Danish government backs removing children from gang-connected families

Denmark’s government wants authorities to be able to move children out of families in which parents are gang members and is likely to formalise the measure in parliament.

Danish government backs removing children from gang-connected families

The justice spokesperson with senior coalition partner the Social Democrats, Bjørn Brandenborg, told regional media TV2 Fyn that he wants authorities to have the power to remove children from their families in certain circumstances where the parents are gang members.

Brandenborg’s comments came on Monday, after Odense Municipality said it had spent 226 million kroner since 2009 on social services for eight specific families with gang connections.

“There is simply a need for us to give the authorities full backing and power to forcibly remove children early so we break the food chain and the children don’t become part of gang circles,” he said.
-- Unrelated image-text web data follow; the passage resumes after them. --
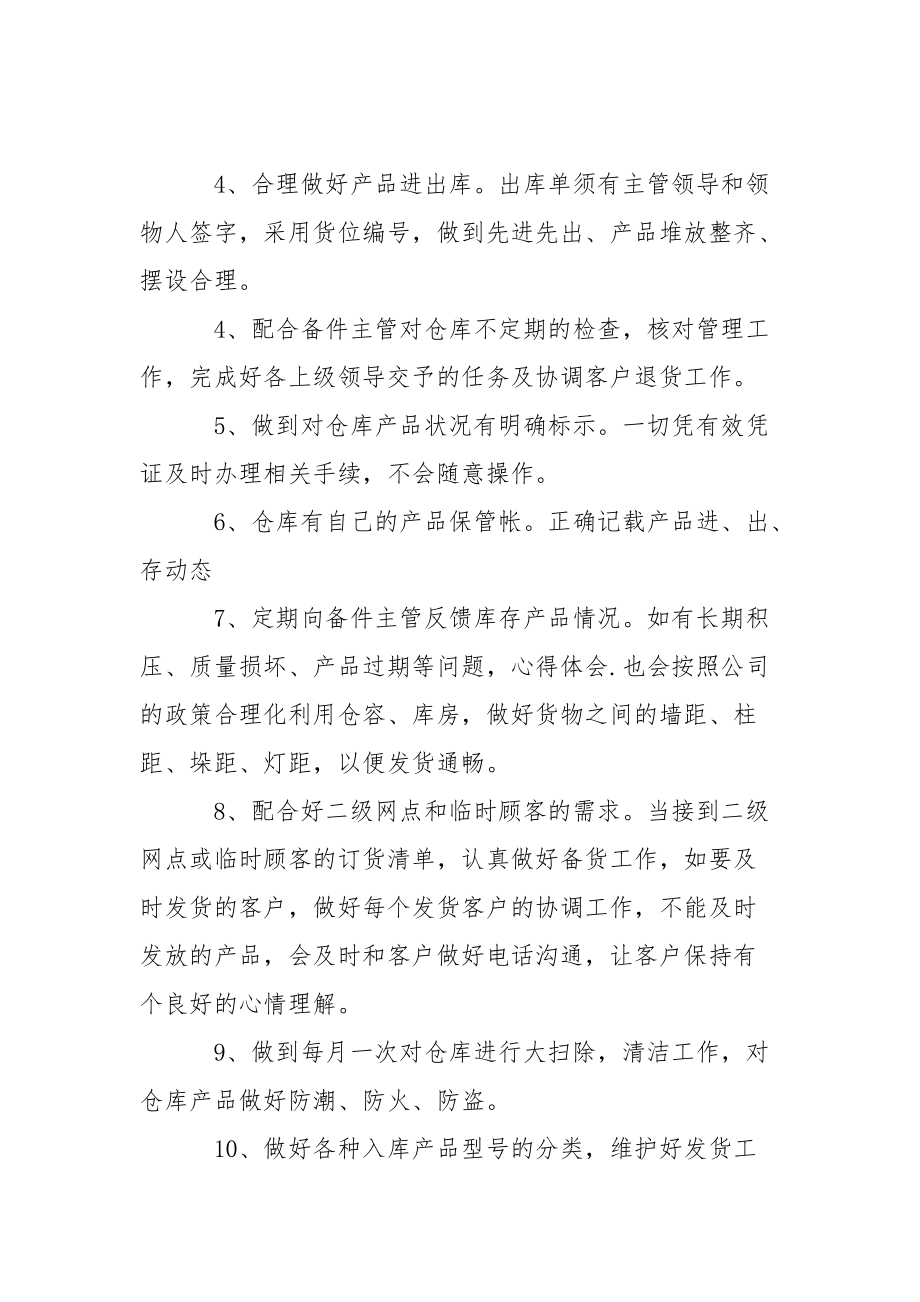 2021年仓库保管员年度考核个人总结个人.docx_第2页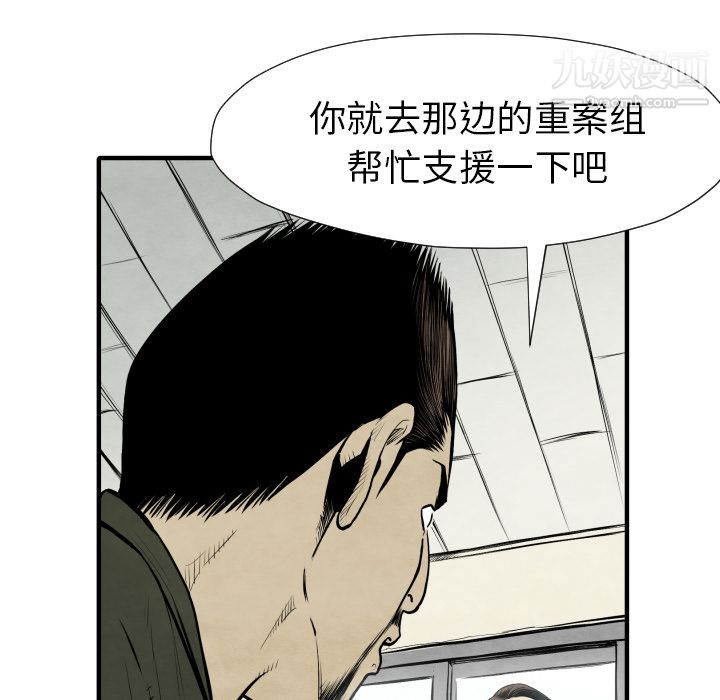 《TWOMEN~共存》漫画最新章节第30话免费下拉式在线观看章节第【33】张图片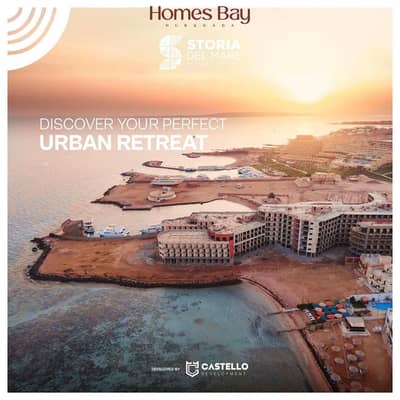 Studio for Sale in Hurghada, Red Sea - WhatsApp Image 2024-07-07 at 14.42. 33 (2). jpeg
The measure will be voted on in parliament “within a few weeks”, he said.

An earlier agreement on anti-gang crime measures, which was announced by the government last November, includes provisions for measures of this nature, Brandenborg later confirmed to newswire Ritzau.

“Information [confirming] that close family members of a child or young person have been convicted for gang crime must be included as a significant and element in the municipality’s assessment” of whether an intervention is justified, the agreement states according to Ritzau.

The relevant part of November’s political agreement is expected to be voted on in parliament this month.

READ ALSO: Denmark cracks down on gang crime with extensive new agreement

Last year, Justice Minister Peter Hummelgaard told political media Altinget that family relations to a gang member could be a parameter used by authorities when assessing whether a child should be forcibly removed from parents.

In the May 2023 interview, Hummelgaard called the measure a “hard and far-reaching measure”.